Short text fragments from websites
════════════════

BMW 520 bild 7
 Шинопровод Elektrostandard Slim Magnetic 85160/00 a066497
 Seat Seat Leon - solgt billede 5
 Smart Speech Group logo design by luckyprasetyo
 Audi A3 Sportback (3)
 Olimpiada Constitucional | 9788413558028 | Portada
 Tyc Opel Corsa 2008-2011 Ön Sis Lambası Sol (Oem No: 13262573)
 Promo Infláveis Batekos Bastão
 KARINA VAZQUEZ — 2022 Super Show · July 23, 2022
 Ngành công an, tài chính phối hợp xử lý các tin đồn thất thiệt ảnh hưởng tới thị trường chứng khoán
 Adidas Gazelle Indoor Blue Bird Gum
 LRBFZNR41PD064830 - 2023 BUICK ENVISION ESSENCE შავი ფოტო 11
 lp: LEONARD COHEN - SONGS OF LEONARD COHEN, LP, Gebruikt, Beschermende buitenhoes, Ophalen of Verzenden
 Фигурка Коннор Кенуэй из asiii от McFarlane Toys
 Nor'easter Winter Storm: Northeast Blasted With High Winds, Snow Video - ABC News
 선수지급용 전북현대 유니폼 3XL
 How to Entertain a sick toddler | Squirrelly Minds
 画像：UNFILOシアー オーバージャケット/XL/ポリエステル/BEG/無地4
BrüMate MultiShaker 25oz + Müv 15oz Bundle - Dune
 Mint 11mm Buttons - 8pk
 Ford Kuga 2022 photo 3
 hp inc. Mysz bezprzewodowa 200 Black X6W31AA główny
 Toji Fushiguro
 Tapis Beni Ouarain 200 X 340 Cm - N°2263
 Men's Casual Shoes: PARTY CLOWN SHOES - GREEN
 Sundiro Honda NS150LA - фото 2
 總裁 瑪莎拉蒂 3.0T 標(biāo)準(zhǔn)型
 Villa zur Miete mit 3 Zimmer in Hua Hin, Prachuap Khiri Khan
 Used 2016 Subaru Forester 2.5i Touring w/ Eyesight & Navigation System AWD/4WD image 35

════════════════

Reproduce exactly the lines above from the line with "Seat Seat Leon - solgt billede 5" to the line with "總裁 瑪莎拉蒂 3.0T 標(biāo)準(zhǔn)型", including both, and add nothing.

[Result]
 Seat Seat Leon - solgt billede 5
 Smart Speech Group logo design by luckyprasetyo
 Audi A3 Sportback (3)
 Olimpiada Constitucional | 9788413558028 | Portada
 Tyc Opel Corsa 2008-2011 Ön Sis Lambası Sol (Oem No: 13262573)
 Promo Infláveis Batekos Bastão
 KARINA VAZQUEZ — 2022 Super Show · July 23, 2022
 Ngành công an, tài chính phối hợp xử lý các tin đồn thất thiệt ảnh hưởng tới thị trường chứng khoán
 Adidas Gazelle Indoor Blue Bird Gum
 LRBFZNR41PD064830 - 2023 BUICK ENVISION ESSENCE შავი ფოტო 11
 lp: LEONARD COHEN - SONGS OF LEONARD COHEN, LP, Gebruikt, Beschermende buitenhoes, Ophalen of Verzenden
 Фигурка Коннор Кенуэй из asiii от McFarlane Toys
 Nor'easter Winter Storm: Northeast Blasted With High Winds, Snow Video - ABC News
 선수지급용 전북현대 유니폼 3XL
 How to Entertain a sick toddler | Squirrelly Minds
 画像：UNFILOシアー オーバージャケット/XL/ポリエステル/BEG/無地4
BrüMate MultiShaker 25oz + Müv 15oz Bundle - Dune
 Mint 11mm Buttons - 8pk
 Ford Kuga 2022 photo 3
 hp inc. Mysz bezprzewodowa 200 Black X6W31AA główny
 Toji Fushiguro
 Tapis Beni Ouarain 200 X 340 Cm - N°2263
 Men's Casual Shoes: PARTY CLOWN SHOES - GREEN
 Sundiro Honda NS150LA - фото 2
 總裁 瑪莎拉蒂 3.0T 標(biāo)準(zhǔn)型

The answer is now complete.